A refreshingly fair deal for tea growers at last
BUYING British is a way for consumers to support farmers and keep Britain farming. But what about food that cannot be grown in this country such as tea and coffee?
One way of helping growers in developing countries achieve a decent return from their small farms is to buy fair trade tea and coffee. Fair trade products are marketed by companies which offer farmer suppliers a fair deal. Standards are endorsed by the Fairtrade Foundation, whose members include leading charities such as Oxfam.
Ugandan farmers, Polly Trikwendera and Jossiah Kinanga, recently visited the UK to help promote the launch of a new fair trade tea called Teadirect. Mr Trikwendera has a 4ha (10-acre) farm in Bushenyi, western Uganda and is chairman of the local tea factory. His is one of the biggest farms in the area, most are 0.4ha (1 acre) and average earnings just £300 a year.
Tea is an important crop for small growers because it can be harvested throughout the year to provide a regular income, says Mr Trikwendera. The green leaf is processed in the factory, owned by the growers since privatisation in 1995, and sent to the market in Mombasa more than 700 miles away. The growers hoped privatisation would boost incomes through dividends on factory profits but despite producing top quality tea, in the highest grades, returns are very low and many cannot afford to educate their children or pay for health care for their families.
Mr Kinanga, who is chairman of the Kayonza tea factory in Western Uganda, says seasonal price slumps are the biggest problem facing growers.
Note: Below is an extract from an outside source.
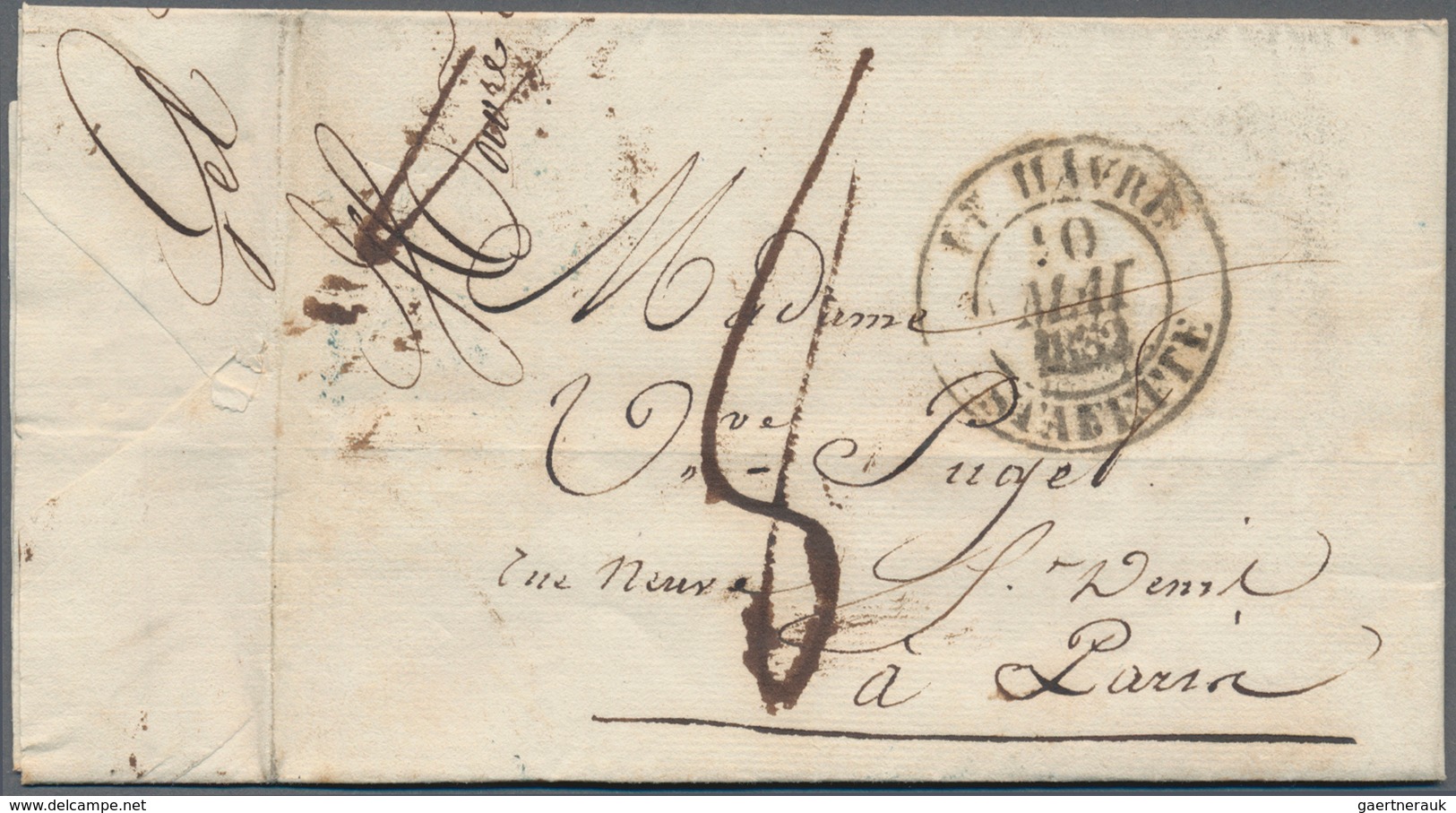 13547 Frankreich - Vorphilatelie: 1832, Letter From Le Havre To Paris, Cancelled "Le Havre 10 Mai 1832 EST - 1792-1815: Départements Conquis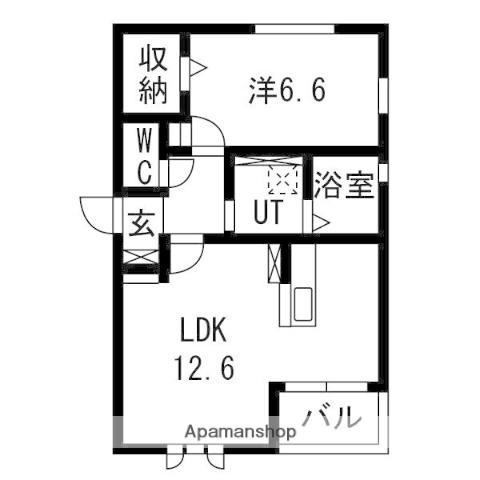 ウィズハイム新井町(1LDK/1階)の間取り写真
Tea grows very well under heavy rainfall and high temperatures which means production peaks during the two rainy seasons. Consequently the Mombasa market is swamped twice a year with tea from Uganda, Tanzania and Kenya and prices plummet. This year, says Mr Kinanga, prices fell far below the cost of production.
* Benefit growers
In future Mr Kinanga hopes the move to supply Teadirect will benefit growers. Teadirect is offering a social premium payment of about 50p/kg which he hopes will help to protect them from price fluctuations. But the money will not be paid to individuals. "Our problems, such as poor roads, schools and health services are not individual but social. They affect the whole community so we intend to use the premium to benefit all the farmers as a group," says Mr Kinanga.
The tea growers also hope Teadirect will shortly introduce a minimum price to ensure prices do not fall below production cost. Humphrey Pring, marketing director of the fair trade company Cafedirect, which has launched Teadirect, says there is still more research to do before a minimum price can be set. "The volatility of the world price of tea is a problem for growers selling tea through auctions, which is how the majority of sales are conducted.
Mr Pring adds that as a fair trade company, Cafedirect aims to maximise the income and security of growers through the social premium payment, which boosts growers returns by an extra 26%. And for consumers it offers a top-quality tea which tastes as good, if not better, than familiar household brand names.
* Sensible idea
"Once consumers come into contact with the fair trade idea they like it a lot. It seems a decent, sensible way to do business globally. Its not charity, but its a new way of doing business with the Third World that is transparent, non-exploitative and mutually beneficial and that is a very refreshing change for many consumers," says Mr Pring.